Hubo civilizaciones que experimentaron con otras fórmulas, pero por lo general no prosperaron y fueron desplazadas por competidores más agresivos, aunque algunas nos dejaron luminosos y delicados legados que han surcado la historia como antorchas y han inspirado a los grandes hombres de la posteridad. Y a finales de la Edad Media sucedió algo muy interesante en Europa. En aquella época, el uno por ciento de la población había puesto a Dios de su parte y ostentaba un dominio inapelable sobre el resto de individuos, sometidos a servidumbre y vasallaje. Y a diferencia de los viejos tiempos, no podían cambiar su condición desafiando al líder del clan. De hecho, ya no pertenecían a ningún clan. Era lo que denominamos el sistema feudal.

Sin embargo, a mediados del siglo XIV se produjo el primer brote de peste negra. Una enfermedad propagada por las pulgas de las ratas asiáticas que llegaron en los barcos mercantes que hacían la ruta del Este. Casi la mitad de la población europea falleció en pocos decenios. La mano de obra pasó de ser abundante y barata a convertirse en un bien escas, y los siervos empezaron a poner condiciones más favorables a sus intereses. El sistema feudal se desmoronó, literalmente.
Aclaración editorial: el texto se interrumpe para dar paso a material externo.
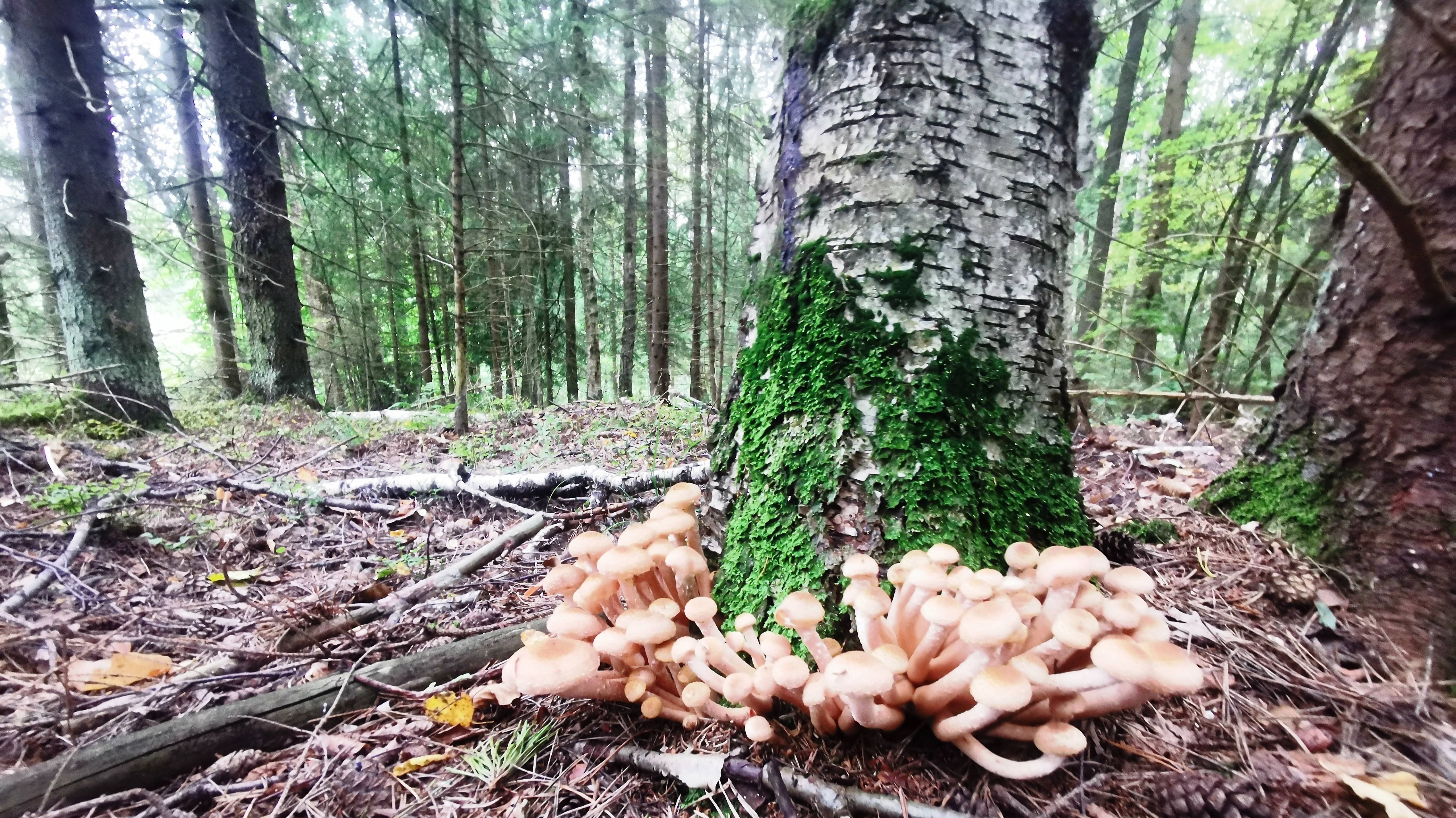 Пес Мишка  в лесной речке или   пошли опята.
Apareció la burguesía, y las cosas cambiaron bastante. Después llegaron el Renacimiento y el Humanismo. La ciencia y el conocimiento desplazaron a Dios, al menos unos centímetros. Y durante los dos últimos segundos del año cósmico concebido por Sagan, las cosas se han complicado mucho. Las luchas sociales han sido una constante, a todos nos resulta familiar. Una minoría ha seguido ostentando el poder, pero lo ha hecho a un precio más alto. A veces, incluso, han sido vencidos por los oprimidos. La Revolución Soviética, sin embargo, demostró que el genoma suele tender a imponerse y el paraíso del proletariado acabó por adoptar la misma estructura piramidal que había desplazado. Orwell, desolado, escribió su maravillosa y terrible Rebelión en la granja.
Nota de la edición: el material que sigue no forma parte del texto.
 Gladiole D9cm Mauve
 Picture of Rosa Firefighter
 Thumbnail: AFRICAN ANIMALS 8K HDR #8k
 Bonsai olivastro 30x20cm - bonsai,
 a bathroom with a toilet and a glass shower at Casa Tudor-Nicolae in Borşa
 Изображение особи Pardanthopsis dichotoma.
El ser humano es lo que es. Nuestro cerebro es como una ciudad. A medida que evoluciona, crece alrededor de un casco antiguo que no se puede erradicar. Seguimos compartiendo las capas profundas del cerebro con los animales que denominamos inferiores. Somos antropoides diseñados para vivir en un grupo reducido de individuos, sujetos al liderazgo de un líder. Un líder que los es porque es más fuerte que nosotros.Sin embargo, estamos tocados por la luz. Nuestra razón nos permite cuestionar las imposiciones del legado genético, y nuestro corazón, si le escuchamos, nos exige hacerlo. Todos seguimos formando parte del mismo clan. Todos somos parientes lejanos. Y todo aquello que obstaculice el progreso y el bienestar de la mayoría es monstruoso e indigno.
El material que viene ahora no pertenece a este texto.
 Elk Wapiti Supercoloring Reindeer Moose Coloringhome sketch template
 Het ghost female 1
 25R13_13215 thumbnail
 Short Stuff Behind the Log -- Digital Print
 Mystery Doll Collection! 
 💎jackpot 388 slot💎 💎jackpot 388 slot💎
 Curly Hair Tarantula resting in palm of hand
La II República española, el tema que nos ocupa en este monográfico con el que Negra Tinta empieza su andadura, nació en un contexto hostil, en un momento en el que los gobiernos y los que ostentaban el poder temían más al comunismo que al fascismo. Fue una luz efímera y bellísima que alumbró la historia de la humanidad durante 0,04 segundos, según la escala de Carl Sagan.